I glanced up at the network of bars, cables, wires and other obstacles that comprised most of what had been the first floor of the building, my lip lifting in frustration. Some of those gaps, ones that Riley, Andi, or even my sister Barbara could fit through with ease were just too damn small for me. "Lucky for you. I noticed that you're getting a bit of a frat boy look to you, Riley. Forgetting your roots, are you?"
"Fuck you, Carter," Riley shot back. I had gotten to him, which is what I wanted. Riley did better when he was slightly pissed off. "Just because I wanted to go to Harvard instead of staying in town like you and Andi doesn't mean I've forgotten where I come from. Now let me get stretched. Load the bar."
I did as he asked, setting up the squat rack while Riley started doing jumping jacks, then burpees to warm up his hips and legs for the workout. We were doing safety bar squats that day, and those need a good warm up. I took my time setting up the bar, then did a quick fifteen reps with the empty bar to let myself get into the groove. "You ready?"

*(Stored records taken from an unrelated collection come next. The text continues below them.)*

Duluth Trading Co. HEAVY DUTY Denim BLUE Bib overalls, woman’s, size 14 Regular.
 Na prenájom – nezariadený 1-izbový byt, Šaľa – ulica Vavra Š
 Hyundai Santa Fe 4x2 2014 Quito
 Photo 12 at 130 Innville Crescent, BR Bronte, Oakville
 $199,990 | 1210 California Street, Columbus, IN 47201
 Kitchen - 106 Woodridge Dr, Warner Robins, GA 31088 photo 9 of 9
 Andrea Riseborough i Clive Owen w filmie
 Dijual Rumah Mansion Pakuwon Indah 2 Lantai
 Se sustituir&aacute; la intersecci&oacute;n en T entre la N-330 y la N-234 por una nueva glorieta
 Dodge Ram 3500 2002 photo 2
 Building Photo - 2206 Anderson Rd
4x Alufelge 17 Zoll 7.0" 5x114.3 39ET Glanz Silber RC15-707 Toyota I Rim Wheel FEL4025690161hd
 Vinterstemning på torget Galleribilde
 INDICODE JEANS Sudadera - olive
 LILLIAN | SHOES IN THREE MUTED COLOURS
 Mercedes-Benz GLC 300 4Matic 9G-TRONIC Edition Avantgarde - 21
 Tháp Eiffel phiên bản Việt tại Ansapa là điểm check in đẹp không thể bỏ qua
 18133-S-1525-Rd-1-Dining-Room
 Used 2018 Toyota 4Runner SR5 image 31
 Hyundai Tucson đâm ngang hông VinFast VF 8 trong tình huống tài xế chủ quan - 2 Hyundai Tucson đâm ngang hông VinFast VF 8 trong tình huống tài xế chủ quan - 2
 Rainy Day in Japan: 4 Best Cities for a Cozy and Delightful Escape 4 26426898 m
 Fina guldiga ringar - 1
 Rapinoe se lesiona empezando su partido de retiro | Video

Riley went over to the wall, where we had weight belts hanging on hooks. He took down his favorite and cinched it in, and I noticed he was cinching it tighter than when he'd been living at home full time. "How much weight are you down?"
"Only ten pounds," Riley said. "Just trimming down the stomach."
"Trimming down what?" I asked as I put the first set of forty-five pound plates on the bar. "You had a six pack last time I checked."
"Yeah, but a thirty three waist," Riley complained. "That is so not suave with the girls."
I rolled my eyes, biting back my criticism. We'd been taught since birth, we train for performance, not for looks. If we were at our athletic peaks, the fact is, we'd look good too. Instead, I turned it back on Riley. "So what about the new girl? What's she think of your new look?"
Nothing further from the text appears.